--- Action item ---
From the first line to the last, repeat the data exactly but leave out the pictures.

--- Data excerpt ---
☆ ☆ ☆ ☆ ☆
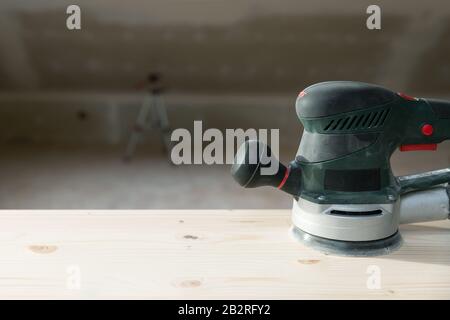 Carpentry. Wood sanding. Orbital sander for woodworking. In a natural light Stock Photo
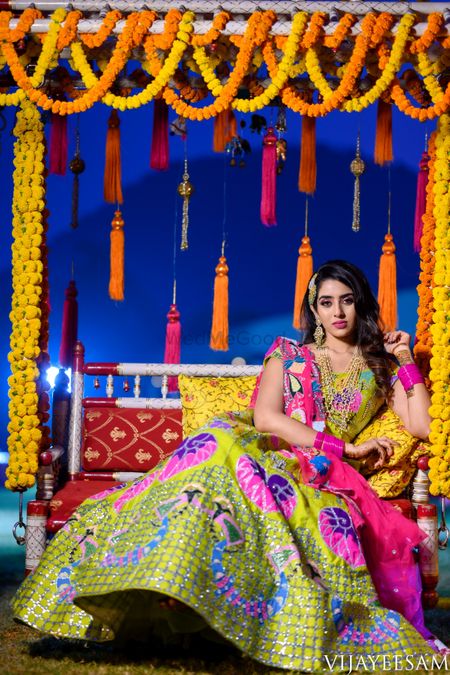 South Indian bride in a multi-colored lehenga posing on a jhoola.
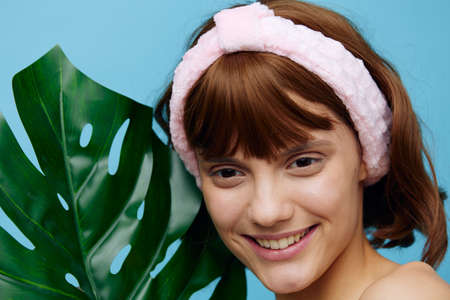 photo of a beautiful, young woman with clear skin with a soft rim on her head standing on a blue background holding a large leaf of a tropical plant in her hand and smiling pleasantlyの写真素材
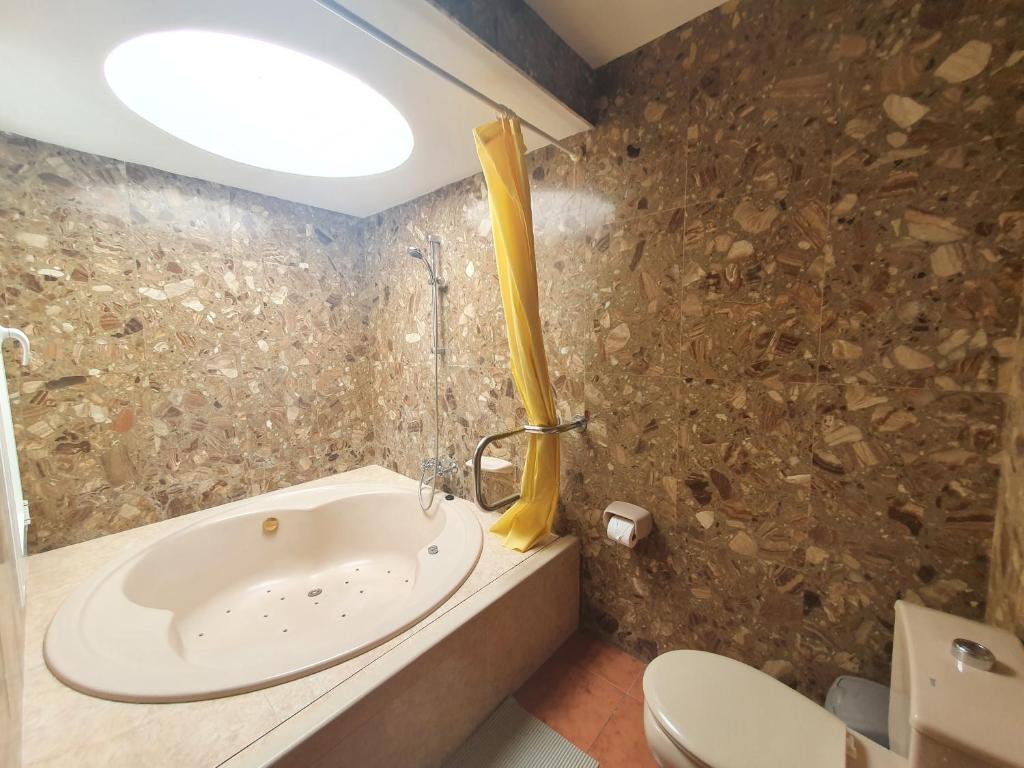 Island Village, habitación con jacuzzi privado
☆ ☆ ☆ ☆ ☆
--- Exercise result ---
 Carpentry. Wood sanding. Orbital sander for woodworking. In a natural light Stock Photo
 South Indian bride in a multi-colored lehenga posing on a jhoola.
 photo of a beautiful, young woman with clear skin with a soft rim on her head standing on a blue background holding a large leaf of a tropical plant in her hand and smiling pleasantlyの写真素材
 Island Village, habitación con jacuzzi privado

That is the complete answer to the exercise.